We love Lorea Gourmet Anchovies and now we want to hear your best ideas for how to use them - anything from sauces to salads, pizzas or perhaps you love them on toast - for a chance to be featured in an upcoming issue of dish. 

The dish team are fanatical about anchovies - we love the taste and versatility of these little beauties!  

If you don’t have anchovies often though, you might be wondering what’s the best way to use them? Coming from us, we like to add them to sauteed vegetables when making a meat Bolognese sauce to give it that extra depth of flavour. They’re perfect for making classic potato gratin, too, heat up some cream and garlic, chop up a few anchovies and pour over your sliced potatoes.  

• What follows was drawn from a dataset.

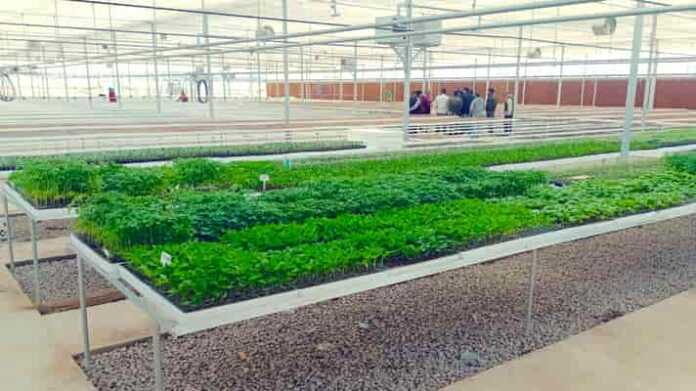 Semi-arid Indo-Israel Center of Excellence for Horticulture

Anchovies go great with Italian staples as well. Top your pizza with them or make a quick yoghurt flatbread, topped with a thin layer of caramelised onions, anchovies and pitted black olives before baking. Pasta lovers will enjoy a touch of warm olive oil, chilli flakes, capers and chopped anchovies in a pan tossed through spaghetti. But if you're after something with a bit of crunchiness, you might also want to try heating some olive oil in a pan and then frying up some chopped anchovies, fresh breadcrumbs, garlic and chilli flakes until golden and crunchy. Toss through your cooked pasta and top with a poached egg to finish. Yum! 

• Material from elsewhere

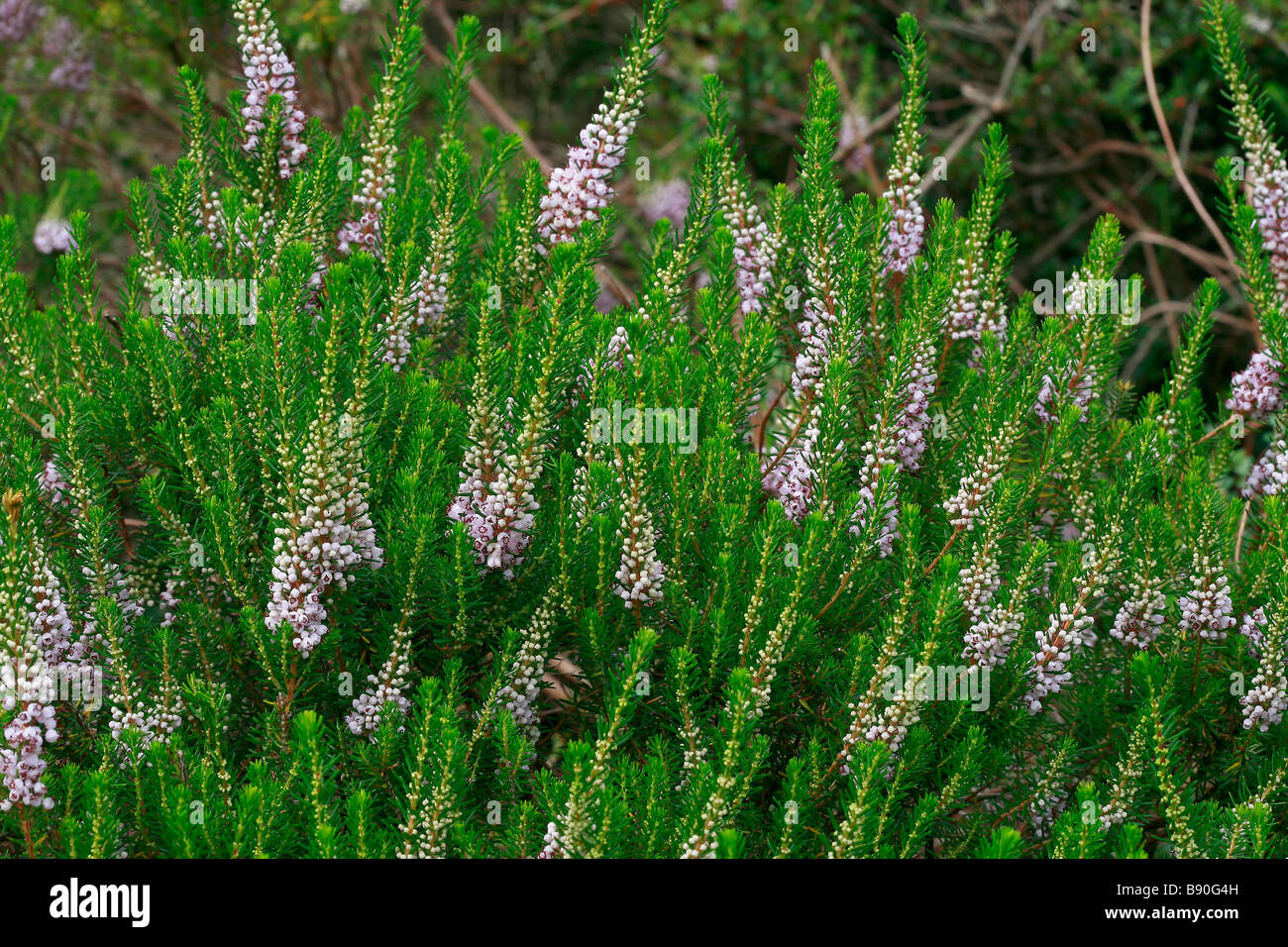 Erica vagans Foto Stock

By far and away the best thing we have ever tried though is our Roast Leg of Lamb with Anchovy Cream. We can’t even begin to describe how amazing this is, which is why we want you to try it for yourself. Check out the recipe below.  

You’ve seen how we use anchovies and now we’d love to know your ideas. Maybe it’s something as simple as having them on toast or an age-old family recipe. Send your ideas in and we’ll select one to be re-created in the next issue of dish to share with the rest of New Zealand! 

To enter, simply e-mail your suggestions to [email protected] and feel free to share any photos with us. 

If you ask us which anchovies are our favourites, we’re not shy in admitting that Lorea Gourmet Anchovies are our go-to. They get theirs from the Cantabrian Sea in the Bay of Biscay, which is renowned for having the best anchovies in the world. And after 150 years of being in business, we reckon they know a thing or two about selecting quality fish.  

Presented in olive oil, Lorea Gourmet Anchovies make for the perfect complement to all kinds of sauces, tapenades, Caesar salads and can even be used in pasta or pizza. 

Lorea Gourmet Anchovies are available in selected supermarkets nationwide! 

www.loreagourmet.com 

Facebook: @LoreaAnchoviesNZ 

 

Roast Leg of Lamb with Anchovy Cream

INGREDIENTS
1.5-kilogram leg of lamb
6 Lorea anchovies, halved
4 cloves garlic, peeled, sliced
2 long sprigs rosemary
2 teaspoons oil from the jar of anchovies
sea salt and ground pepper
2 onions, cut into wedges
2 bay leaves
1 cup white wine

METHOD
Preheat the oven to 160 C. Make 12 incisions in the top fat-side of the lamb using a sharp knife, then pack each cut with an anchovy half, sliced garlic and rosemary. Brush with the anchovy oil and season with salt and pepper.

Place the onions, bay leaves and wine in a roasting dish and place the lamb on top.

Cover with foil and roast for 3 hours. Remove the foil and roast for a further 1 hour until the meat is very tender when pierced with a skewer. Rest lightly covered for 10 minutes. Carve and serve with the Anchovy Cream.

SERVES 6-8

Anchovy Cream

INGREDIENTS
1½ cups cream
6 Lorea anchovy fillets, finely chopped
2 cloves garlic, crushed
1 tablespoon butter, diced, chilled
ground pepper

METHOD
Place the cream, anchovies and garlic in a medium saucepan. Simmer over a medium-low heat, stirring often until thick and reduced by half, about 15-20 minutes.

Take off the heat and, using an immersion blender, gradually blend in the butter to make a thick, creamy sauce. Season generously with black pepper. If making ahead, warm over a low heat until smooth but don’t let it boil.